**TASK TO CARRY OUT**
Within the lines below, the span from the line with "A handcrafted red" to the line with "Professional programer team", both ends included, is to be reproduced exactly, with pictures omitted.

[[ ENTRIES SUPPLIED open ]]

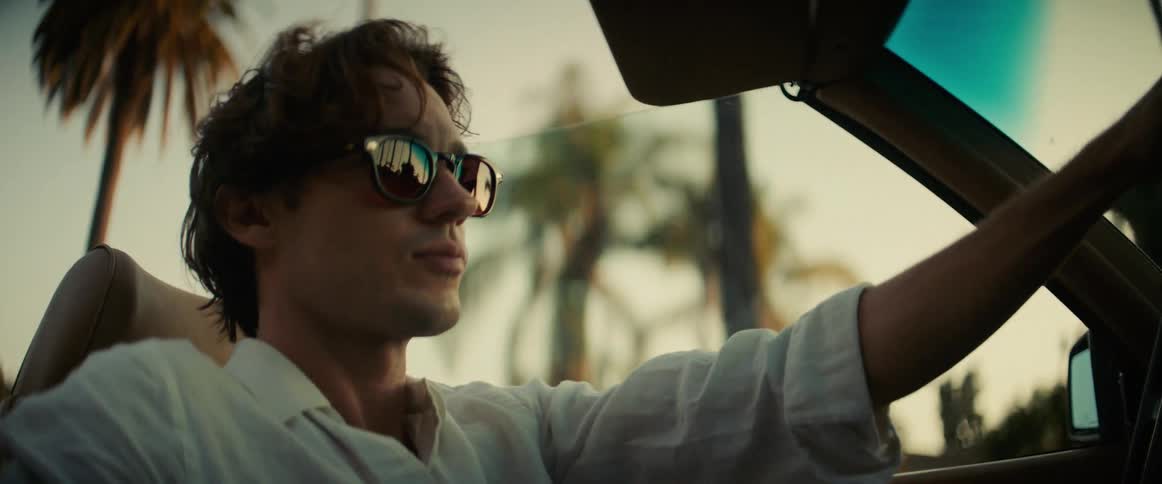 A footage of a man driving a car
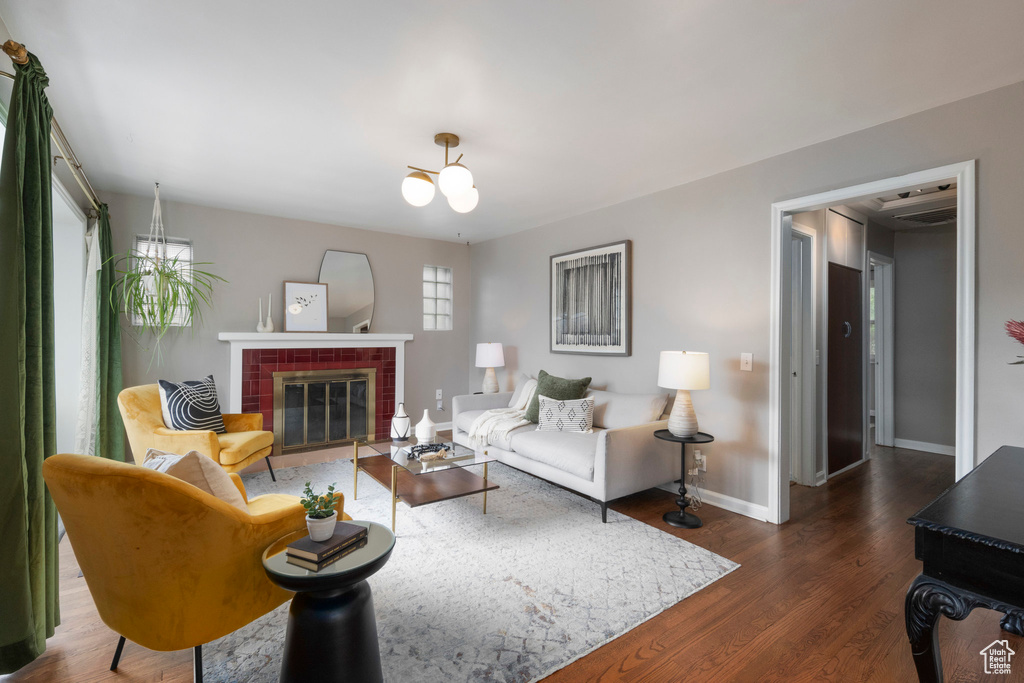 Living area with dark wood finished floors, baseboards, and a fireplace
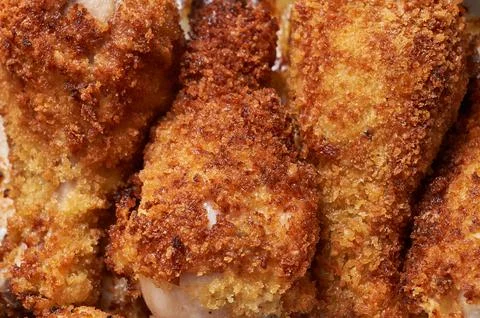 Breaded Chicken Legs Closeup 写真素材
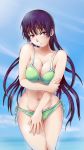  1girl arm_grab bikini blue_eyes breasts cleavage green_bikini groin highres kanoe_yuuko large_breasts long_hair looking_at_viewer navel purple_hair red_eyes side-tie_bikini solace solo swimsuit tasogare_otome_x_amnesia water 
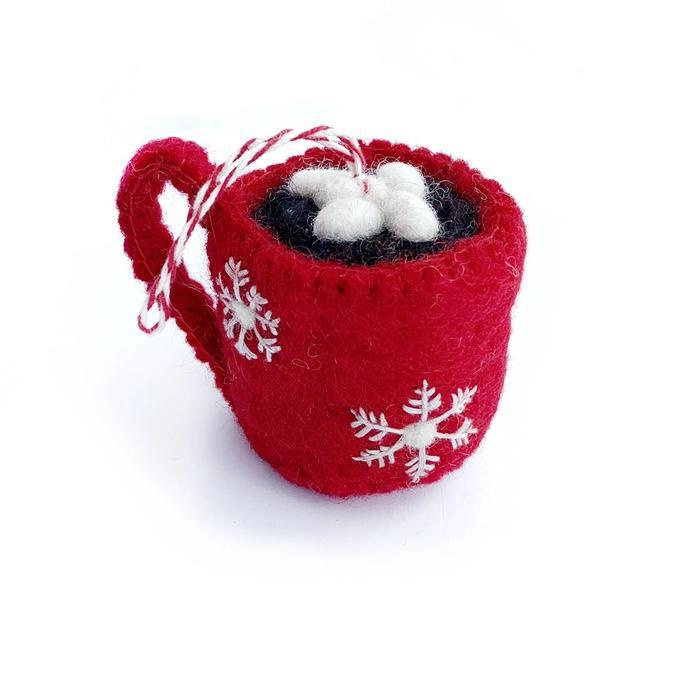 A handcrafted red felt wool ornament shaped like a mug with marshmallows and a white snowflake design on it, with a white ribbon hanging at the top.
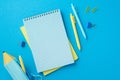 Back to school concept. Top view photo of school accessories copybooks pens binder clips and pencil-case on isolated blue Royalty Free Stock Photo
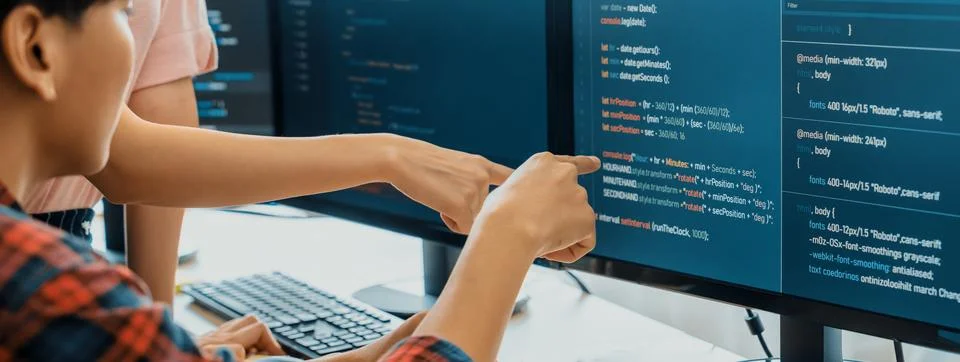 Professional programer team discuss about web coding at office. Burgeoning. Stock Photos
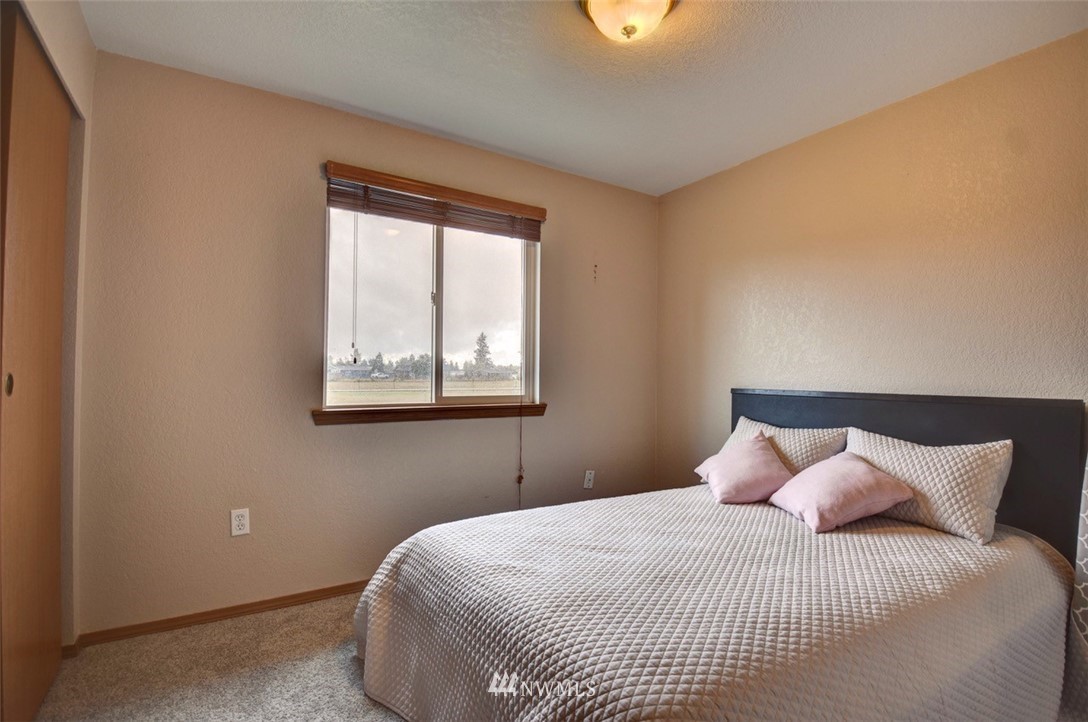 4121 Violet Court Southwest Rochester, WA 98579 - Photo 15 of 21 a bedroom with a bed and window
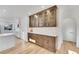 Modern kitchen with white cabinets and quartz countertops at 975 S Fillmore Way, Denver, CO 80209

[[ ENTRIES SUPPLIED closed ]]

**RESULT OF THE EXERCISE**
 A handcrafted red felt wool ornament shaped like a mug with marshmallows and a white snowflake design on it, with a white ribbon hanging at the top.
 Back to school concept. Top view photo of school accessories copybooks pens binder clips and pencil-case on isolated blue Royalty Free Stock Photo
 Professional programer team discuss about web coding at office. Burgeoning. Stock Photos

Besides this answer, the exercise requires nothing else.